The SMAPPI (Smart Apple Picker) Agent (see: Life Demo) is a Deep-Q-Neural-Network agent that has the task to collect within a certain amount of actions, red apples while it has to avoid the poisened green apples and the borders of the playground. SMAPPI wins the game, if it collects all red apples by performing the maxiumum specified number of actions. SMAPPI can perform eight different actions (e.g. MoveUp, MoveDown, MoveRight, MoveLeft, MoveUpRight, MoveDownRight, MoveUpLeft, MoveDownLeft) for solving its task. In order to train SMAPPI, it receives reward (+1) values, if it collects red apples and punishment (-1) values if it collects green poisened apples or hits the wall (border of the playground). The blue rotating triangle together with the rotating ray indicate the directions (actions), that SMAPPI selects for every moving step. On the right side of the page is a configuration panel where you can set Hyperparameters for the DQNN algorithm such as learning rate, greedy value for setting the probabilty of selecting actions randomly and discount factor. Moreover, you can set the:
- Framerate of the game (default is 30)
- Field's background color (black or white)
- Number of green and red apples
- Apples' movement status (static or moving)
- Speed (step size) of the agent
- Maximum number of actions that can be performed within an episode.
- Training or Compete mode. In
compete
mode every collected apple is removed from the field while intraining
mode the apples never get less but change randomly their position.
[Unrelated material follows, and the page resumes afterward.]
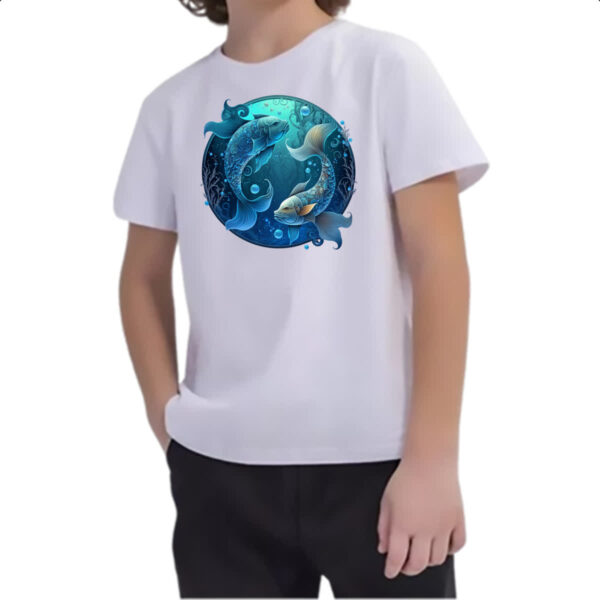 Camiseta Infanto Juvenil Signo de Peixes placa de luxo - Imagem 2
If all given red apples in the field are collected by the agent a new episode with the pre-configured number of apples starts automatically (only) incompete
mode.
Below of the playground, you find three buttons (e.g. Stop Game
, Start Game
Save JSON
). The names of the buttons are self-evident. Clicking the Stop Game
Button freezes the game. With Start Game
you can start and continue the game. Save JSON
saves the trained DQNN as JSON file on the local storage of the browser. You can reload this JSON file for configuring the agent by selecting the radio button with label true on the configuration panel. By default false is selected which means that the agent learns its DQNN from scratch without using a pretrained DQNN.
NOTE: The Demo is only implemented and tested with Chrome and Firefox browser. It can happen, that in other browsers the page looks different.
Below of the game and the configuration panel, you can find some statistics (e.g. histogram and line chart) about the performans of SMAPPI. The histogram shows how many negative, zero and positive rewards SMAPPI receives for all its performed actions. The line chart shows the development of the rewards for every action step.
The SMAPPI agent has two different sensors (distance and color sensor) pointing to 8 different directions with a range of 45° and a distance range of 3 meter (= 300px). This means that the state vector consists of 6 * 8 = 48
dimensions. For every distance measure a categorical dimension indicates whether the given measure is in range of the distance sensor and therefore available. Only the nearest objects (apple/wall) are considered in the state vector.
Sensor/Range | Distance to Wall | Measure available | Distance to red apple | Measure available | Distance to green apple | Measure available |
---|---|---|---|---|---|---|
S1 (0°-44°) | <= 300 px | 1 or 0 | <= 300 px | 1 or 0 | <= 300 px | 1 or 0 |
S2 (45°-89°) | ||||||
S3 (90°-134°) | ||||||
S4 (135°-179°) | ||||||
S5 (180°-224°) | ||||||
S6 (225°-269°) | ||||||
S7 (270°-314°) | ||||||
S8 (315°-360°) |
You require the following Javascript libraries:
- PlotlyJS for plotting the statistics.
- ReinforceJS for the DQNN algorithm.
- p5.js for the game representation.
and a HTTP server. For testing purposes, I utilized the Serve HTTP server which provides by default access at port 5000.
Note: In case you would like to utilize another domain (instead of e.g.localhost) and port, you have to adjust the URL which references the robot_wiki.png within the index.html.
You can access a running life demo of SMAPPI at nmerkle.github.io. After accessing the page, click Start Game
-Button and see how SMAPPI picks 🍎s. You can play around with the hyperparameters and the game configuration in order to improve the agent. Good luck! 👍
Hint: If you want to test your trained agent, you have to set the learning rate and greedy value to zero.